ABD'nin işgal politikalarında bir değişiklik söz konusu değildir. Demokrat Parti'ye bağlı olarak bir değişimin olacağı ve ABD'nin işgallerden vazgeçeceği şeklinde bir beklenti yanıltıcıdır. Demokratların ve Cumhuriyetçilerin olaylara yaklaşımındaki farklılıklar, köklü değil talidir.

Aralık ayında James Baker başkanlığındaki Irak Çalışma Grubu'nun Beyazsaray'a sunacağı rapor yayınlanacak. Basına sızdırılan haberlere göre Irak meselesinin halli için İran ve Suriye'den yardım istenmesi önerilecek. Bilindiği üzere bu iki ülke, ABD'nin "şer ekseni" listesinde yer alıyorlar. ABD'nin, Irak'ta yaşadığı çıkmazdan kurtulmak için İran ve Suriye ile görüşmesi, bu iki ülkenin 'şer ekseni'nden çıkarılacağı anlamına gelmiyor. Zaten ABD, Irak sorunuyla ilgili İran ile görüşmelerde bulunması için daha önce Zalmay Halilzad'ı yetkili kılmıştı. Emperyal güçler, pragmatik ve ahlaksız siyasal metodolojilerine uygun olarak önümüzdeki günlerde İran ve Suriye'den istifade etmenin yollarını arayacaktır.
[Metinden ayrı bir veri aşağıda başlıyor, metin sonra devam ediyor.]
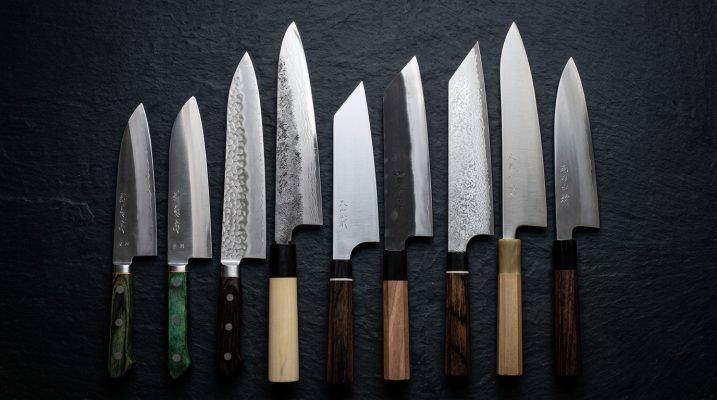 Japanse messen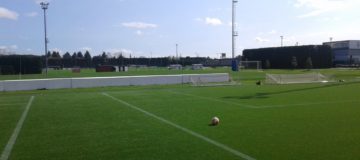 Vinovo Juventus center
Bütün bu gelişmelerle birlikte Irak'ta direniş büyüyor. Afganistan'da olduğu gibi Irak'ta da işgalcilere yönelik saldırılar artıyor. Ama Irak'ın etnik, mezhebi, siyasi yapısının ortaya çıkardığı sorunlar, direnişten daha çok, işgalcilerin ekmeğine yağ sürecek konuların da gündeme taşınmasına yol açıyor. Şiilere ve Sünnilere yönelik saldırılarla, işgalcilerin temennisi olan mezhepler arası çatışmaların arttığı şeklinde bir kanaat oluşturulmaya çalışılıyor. Daha doğrusu saldırıların işgalciler ve güdümlerindeki medya tarafından tamamen mezhebi aidiyet çerçevesinde sunulduğunu görüyoruz. İşgalciler askerlerini Irak'ta tutmaya gerekçe olarak iç savaşı önleme iddiasını öne sürüyorlar, oysa ülkenin iç savaşa doğru gitmesine neden olanlar yine kendileri. Şii ve Sünni gruplar içerisindeki aşırı unsurların birbirlerine silah çekmeleri işgalcilerin varlığını meşrulaştırmadığı gibi bu durumu körükleyen de bizatihi ülkeyi işgal edenlerdir. Aklı selim sahibi her Müslüman, Iraklı sivil insanlara yönelik saldırıların yanlış olduğunun farkındadır. Şiiler ve Sünniler silahlarını birbirlerine değil işgalcilere doğrulttukları oranda doğru iş yapmış olurlar. Yaşananların bir tarafın diğer tarafa saldırısı şeklinde okunmaması gerekir. Bombalı saldırı ve akabinde diğer grubun intikam adına yaptığı saldırılar en fazla işgalcilerin işine yarıyor. Aslında tablo çok net: Emperyalist güçler, Müslümanlara ait bir coğrafyayı uyduruk gerekçelerle işgal etmiştir. Şiiler ve Sünniler ve bütün İslami unsurlar emperyalizmi bulundukları topraklarda geriletme çabası vermelidir. Aksi bütün çabalar yanlış, haksız pratikler doğuracaktır. ABD'nin vaat ettiği özgürlük, demokrasinin nemenem bir şey olduğunun ortaya çıktığı bugünlerde mevcut durum direnişi daha da gerekli kılıyor.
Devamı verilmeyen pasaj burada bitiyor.